In Shakur v. Thomas, 2016 U.S. Dist. LEXIS 119767 (ND NY, Sept. 6, 2016), a New York federal district court adopted a magistrate’s recommendations (2016 U.S. Dist. LEXIS 72707, June 2, 2016)(see prior posting), finding a plausible showing that an inmate’s position as a Muslim Shia inmate facilitator is protected 1st Amendment speech or conduct for purposes of a retaliation claim. The court also adopted uncontested recommendations that plaintiff be allowed to move ahead with various claims of denial of Ramadan and festival meals and participation in congregational prayer.
In Espinosa v. Stogner, 2016 U.S. Dist. LEXIS 120646 (D NV, Sept. 6, 2016), a Nevada federal district court dismissed an inmate’s complaint that prison authorities violated the Free Exercise and Establishment clauses by refusing to recognize his “secular/religious Humanism” as an accepted faith group. However the court granted plaintiff leave to amend his complaint to allege “how his brand of humanism differs from tradition secular moral philosophy in a way sufficient to qualify as a religion under the Free Exercise Clause.”
In Wilson v. Avertest, 2016 U.S. Dist.

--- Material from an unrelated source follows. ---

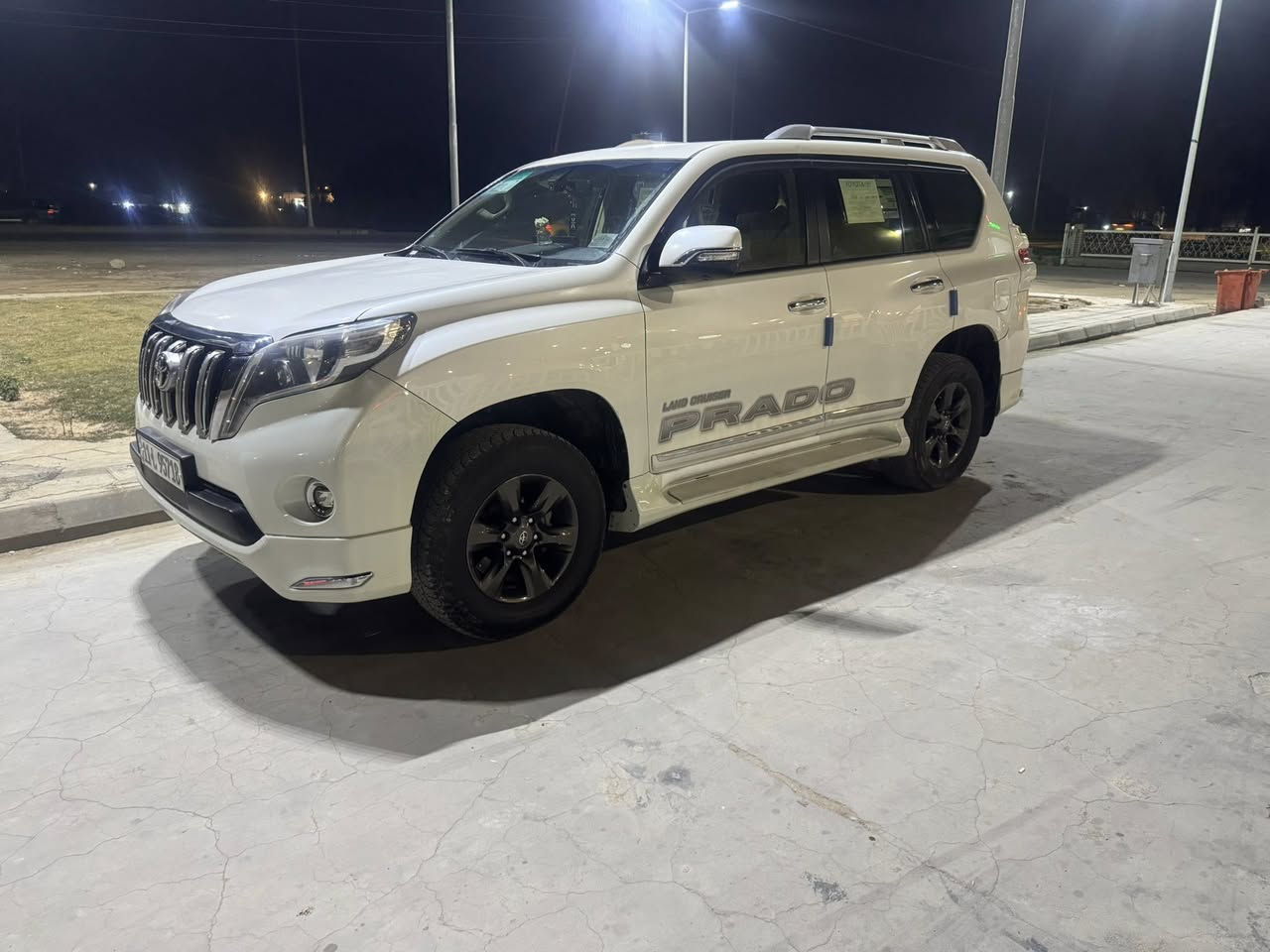 السلام عليكم برادو موديل ١٢ محدث بجم ١٧ اصلي وغراضها القديمه موجوده وياها السياره كفاله عامه من الصبغ والتبديل عده مكانين بارد السياره جديده خير من الله كير مكينه صدر تخم تاير فول مواصفات رقم بغداد بأسمي عارضها ب٢٩٥ وبيها مجال بيع او مراوس حسب القناعه للاستفسار ***********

LEXIS 121593 (MD PA, Sept. 7, 2016), a Pennsylvania federal magistrate judge recommended dismissal of free exercise and 4th Amendment complaints by plaintiff who under a house arrest and alcohol monitoring program was required to undergo a below-the-waist strip search. Plaintiff claimed that his Jewish faith requires that he “not to bare his nakedness for any unnecessary reason.”
In Wilkes v. Hunter, 2016 U.S. Dist. LEXIS 121707 (ND CA, Sept. 8, 2016), a California federal district court dismissed, with leave to amend, plaintiff’s claim that jail deputies refused to allow him to bring a Christian cross into jail.
In Brown v. Mohr, 2016 U.S. Dist. LEXIS 122292 (SD OH, Sept. 9, 2016), an Ohio federal magistrate judge recommended refusing to dismiss a Jewish inmate’s claim that he was denied a kosher diet for 10 weeks, but recommended dismissing his complaint that he was housed in a cell with a neo-Nazi inmate.